Unconditional Love

UNCONDITIONAL LOVEMy daughter called me this morning, from across the country. First she texted at o’dark thirty; “Are you up?” It was about 5:45 am. I stumbled out of bed and grabbed my cell phone to see who it was. This is the deal. When a mom receives a text from a daughter — does not matter how old she is — at o’dark thirty in the morning, a mom must be “up”. I’m up. I called her back. “What is it honey? Is everything OK?” — I made my way to the kitchen to put coffee on. Of course it’s not OK. Daughter calling mom at o’dark thirty.

Mom, I just needed to hear the voice of someone I know cares for me.” And later, she added, “I think the best gift you ever gave me was your unconditional love.

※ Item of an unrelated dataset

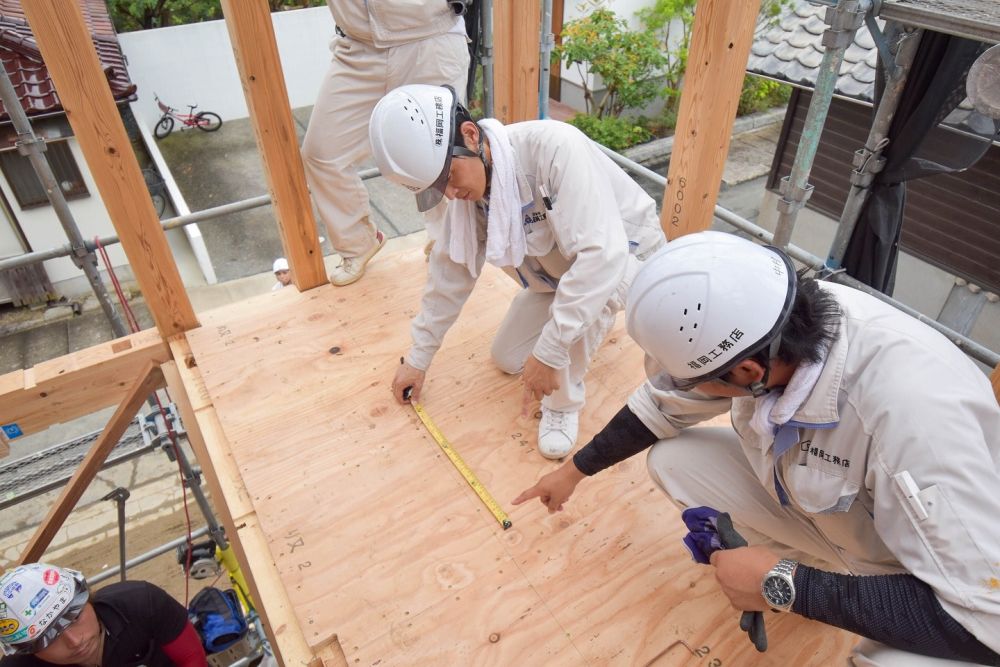 福岡市南区20　注文住宅建築現場リポート③　～上棟式～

I know that gift. My mom gave me the same gift. Thank God! And that brings me to what I want to say. God is all about unconditional love. God invented unconditional love. God IS unconditional love. So, when your mom is gone and you are missing that love so much, it is so important to remember that God is always there. Always.  Remember that, my sweet daughters. Know that it is His love that is sustaining me as I remember my mom today and miss her so dearly. And it is His love that will keep you steadfast and strong at the weakest times.

But today, I feel strong. And today, I celebrate life and thank God for my children and their unconditional love of me. I am truly blessed. Happy Mother’s Day!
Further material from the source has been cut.